Emory disappeared into the walk-in pantry. “Keep talking,” he called, his voice muffled. “I’m listening.”

But I waited until he came back out holding three boxes of Trader Joe’s organic chicken stock. “I’m not sure what to do.”

“About what?”

I set the bowl of flan on the kitchen table. Inside this warm kitchen filled with the comforting smells of butter and chicken stock, my worries about Lin Snider seemed silly and self-involved. A sniper was targeting San Celina police officers, a dear friend of mine had been one of his victims and I was concocting a mystery about a woman who was simply looking for a place to call home.

Still.
Her small lies and evasions bothered me. I inhaled deeply, feeling completely paranoid, and then told Emory my latest suspicions about Lin Snider.

He listened patiently while I reeled off the list of reasons I thought this woman was up to no good. When I finished, he waited a beat or two before answering.

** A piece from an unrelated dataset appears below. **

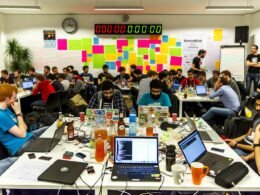 Junge Entwickler:innen und Beamt:innen bei einem kreativen Hackathon, umgeben von Laptops mit buntem Code, Whiteboards, Notizzetteln und Tassen, mit Countdown im Hintergrund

“Frankly, I don’t think you have enough information at this point,” he said, stirring the soup. “Certainly not enough to bother Gabe. That’s my two cents minus inflation, which makes it worth about a quarter of a cent.”

“You’re right,” I said miserably. “But it also seems wrong to do nothing. I mean, what if . . . what if . . .” My mind searched for a scenario that would justify my reasoning. “What if Lin Snider is the sniper!”

The statement caused Emory to turn and look at me in surprise. The idea was so preposterous that it could be true.

He shook his head and laughed. “Maybe if this was an episode of
Murder, She Wrote
.” He peered down into his soup pot. “Or
Saturday Night Live.

“It’s not that crazy. Gabe’s best SWAT sharpshooter is a woman.”

“How old did you say this woman is? And what kind of shape is she in?”

He had a point. About the age, anyway. “She’s fifty-two according to her driver’s license. If it is
her
driver’s license.” I laid my hands flat on the table, studying my fingers. “She does look around that age. I guess she’s in okay shape. A little on the thin side. She kind of looks . . . delicate?”

“In shape enough to go running through a creek bed lugging a rifle?”

“I heard Gabe say Miguel was shot with a .22. They aren’t that heavy. I know she can shoot. Her dad was a hunter, and he taught her.”